Listing available languages¶
from translit import list_langs
print(list_langs())
# => ['am', 'ar', 'as', 'bg', 'bn', 'bo', 'ca', 'cs', 'cy', 'da', 'de', 'dv', 'el',
# 'es', 'et', 'fa', 'fi', 'fr', 'ga', 'gu', 'he', 'hi', 'hr', 'hu', 'hy',
# 'is', 'it', 'ja', 'jv', 'ka', 'km', 'kn', 'ko', 'lo', 'lt', 'lv', 'ml', 'mn',
# 'mr', 'mt', 'my', 'ne', 'nl', 'no', 'or', 'pa', 'pl', 'pt', 'ro', 'ru', 'sa',
# 'si', 'sk', 'sl', 'sq', 'sr', 'sv', 'ta', 'te', 'th', 'tr', 'uk', 'vi', 'zh']
Custom language profiles¶
register_lang¶
Register a new language profile or override an existing one:
from translit import register_lang, transliterate
# Register Esperanto
register_lang("eo", {
"ĉ": "cx",
"ĝ": "gx",
"ĥ": "hx",
"ĵ": "jx",
"ŝ": "sx",
"ŭ": "ux",
})
transliterate("ĉapelo", lang="eo") # => "cxapelo"
Warning
register_lang() is a global operation. Registered profiles persist for the lifetime of the Python process. They are not thread-local.
register_replacements¶
Register global pre-transliteration string replacements:
from translit import register_replacements, transliterate
register_replacements({
"©": "(c)",
"®": "(R)",
"™": "(TM)",
})
transliterate("Hello™ World©") # => "Hello(TM) World(c)"
Norwegian variants¶
Both "no" and "nb" (Bokmål) map to the same Norwegian profile. "nn" (Nynorsk) also uses the same mappings. Use any of these codes interchangeably.

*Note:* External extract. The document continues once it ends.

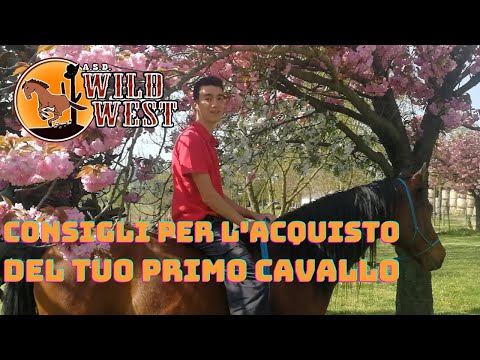 L'acquisto del tuo primo cavallo (consigli)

Historical and ancient scripts¶
translit includes transliteration mappings for several historical and ancient writing systems:
| Script | Unicode Block | Example |
|---|---|---|
| Runic (Elder/Younger Futhark) | U+16A0–U+16FF | ᚠᚢᚦᚨᚱᚲ → futhark |
| Ogham | U+1680–U+169F | ᚑᚌᚐᚋ → ogam |
| Gothic | U+10330–U+1034F | 𐌲𐌿𐍄 → gut |
| Old Persian Cuneiform | U+103A0–U+103D5 | 𐎠𐎭𐎶 → adama |
| Linear B Syllabary | U+10000–U+1007F | 𐀀𐀁𐀂 → aei |
| Cherokee | U+13A0–U+13FF | ᏣᎳᎩ → tsalagi |
| Canadian Aboriginal Syllabics | U+1400–U+167F | ᐃᓄᒃᑎᑐᑦ → inoktwetwiit |
| Mongolian | U+1800–U+18AF | ᠮᠣᠩᠭᠣᠯ → monggol |
These mappings provide approximate romanizations suitable for search indexing and display purposes. They are not intended as scholarly transliteration standards.